Each stage employs a different algorithm, and each public key has a username and an email address linked with it. PGP was established in 1991 by Phil Zimmermann, a software engineer.
He was an anti-nuclear activist who desired a secure way to send data over the Internet. Zimmermann got into difficulty with the US government in 1993 because his encryption software, Pretty Good Privacy (PGP), crossed international borders and reached a large number of countries throughout the world, in violation of US export prohibitions.
PGP is based on a public key system, in which a recipient has a publicly known key — effectively a very long number — that senders use to encrypt emails they receive.
The recipient must have her own private key linked to the public key in order to decrypt these emails.

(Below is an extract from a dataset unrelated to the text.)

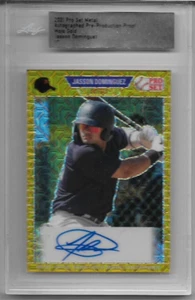Jasson Dominguez 2021 Leaf Pro Metal Auto SSP #1/1 Mojo Gold Production Proof - Picture 1 of 1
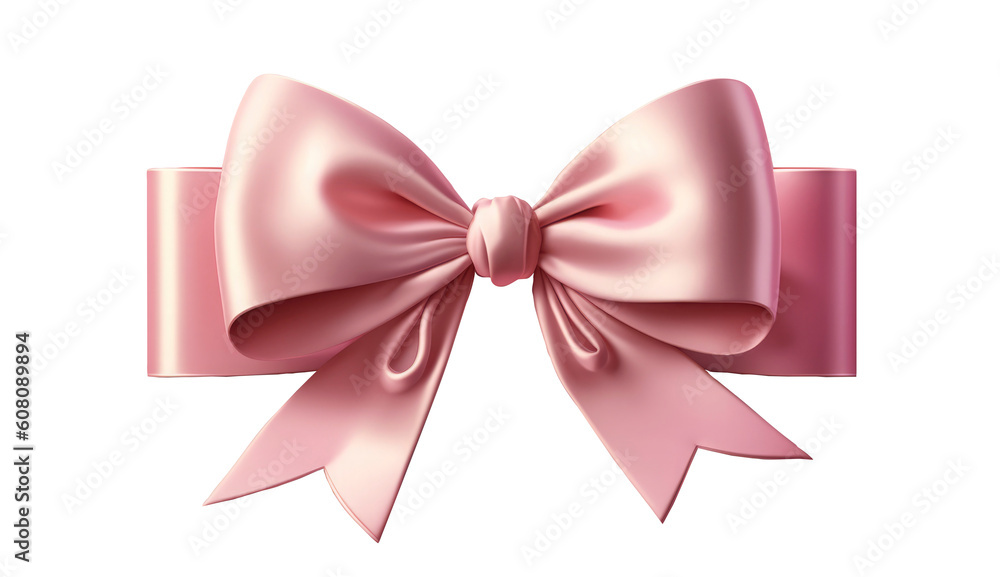 pink bow isolated on Transparent background , Generative Ai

The private key is only known by the recipient, ensuring the message’s privacy. Rivest-Shamir-Adleman (RSA) and Diffie-Hellman (DH) are two public key versions of Pretty Good Privacy (PGP). PGP must pay a licence fee to RSA for the RSA version, which uses the IDEA method to generate a short key for the full message and RSA to encrypt the short key. The Diffie-Hellman version encrypts the message using the CAST algorithm for the short key and the Diffie-Hellman algorithm for the long key.
BENEFITS OF PGP ENCRYPTION
- Pretty Good Privacy ensures that sensitive information is always kept private.
On the internet, your Pretty Good Privacy cannot be stolen or read by others. It ensures that information provided or received was not tampered with during transmission, and that files were not altered without your permission.
- Information can be safely shared with others, including entire departments and groups of users.
- You know who the email is from and to whom it is sent. Pretty Good Privacy checks the email’s sender to confirm that it was not intercepted by a third party.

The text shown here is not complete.